I think having the 'default' lean towards 'there are no evil cultures' in a setting which often leans into High Fantasy (Good vs Evil) tropes, makes very little sense.
I think retconning Lolth dominated culture would be a mistake, as I dont believe you need to remove these elements from the game at all. Lolth is a villain. The party is (often) Good. Good adventurers stand against villains, and if you play with dungeon delving, kicking in doors, and multiple encounters a day to expend your abilities, well you need "Bad Guys" to do that against.
If you wish for your world to run as a 'mostly peaceful world where adventurers just explore and meet other people to talk to' I mean, fine, I certainly hope you enjoy that game.
I think it's a move from "high fantasy assumptions" to "Superhero genre assumptions" (everyone is good, except a supervillain like Thanos, totally unconnected, with unbelievable ideas that you can see are wrong, but who has the individual power to cause great harm, unless the heroes, of equal power, can move against him).

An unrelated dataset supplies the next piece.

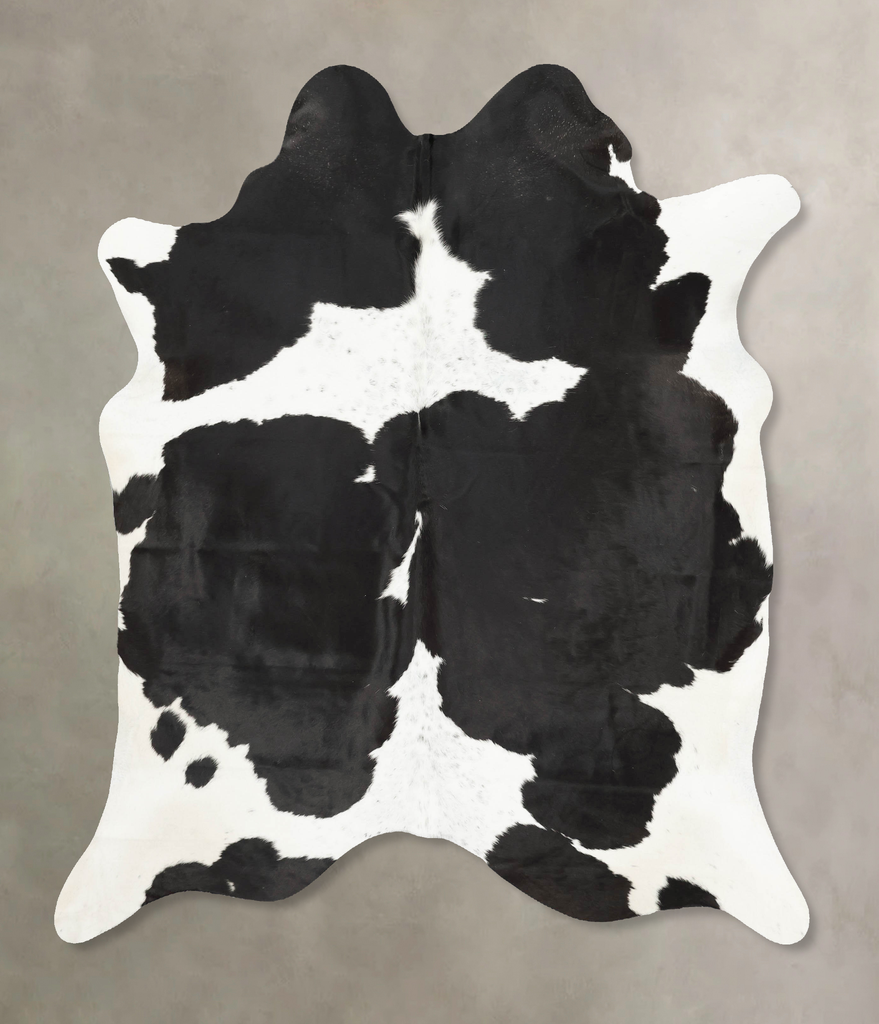 Black and White X-Large Brazilian Cowhide Rug 7'4"H x 6'3"W #B15360 by Hudson Hides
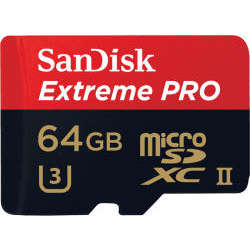 Card memorie microSDXC SDSQXPJ-064G-GN6M3, SANDISK EXTREME PRO, 64 GB, 275MB/s, Class 10, U3 UHS-II + adapter USB 3.0 - RESIGILAT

Can I interest you int my campaign instead, where the heroes boldly defeat the Archpriestess of Lolth and her plan to delay the international agreement to progressively phase out a 2% export tax on non-ferrous alloy until reasonable compensations are granted? We'll have a BLAST.Its not FR though at that point, by a long shot, so play it in Eberron or some other world.
To be honest, that's not my Eberron either. I play it, as KB puts it, as a world on the brink of collapse barring heroic intervention. Everyone is selfish, avaricious, self-concerned, xenophobic, bigoted, well, humans (as in real-world, not the fantasy race known for its lack of darkvision) and they need to be saved ; it's just the question of choosing who the bad guy will be for the campaign at hand: dragonmarked houses (think Arasaka on steroids), the five nations (minus one of course), the Blood of Vol, the Aurum (even the setting's Reform Club can be a den of villainy), the Lords or Dust (who want to unmake the world) or the Dragon, (who oppose the Lords of Dust but have no qualm if ensure it means removing all gnomes from the prophecy)... It's certainly more gritty than intended but I think it makes room from providing... lifelike villains.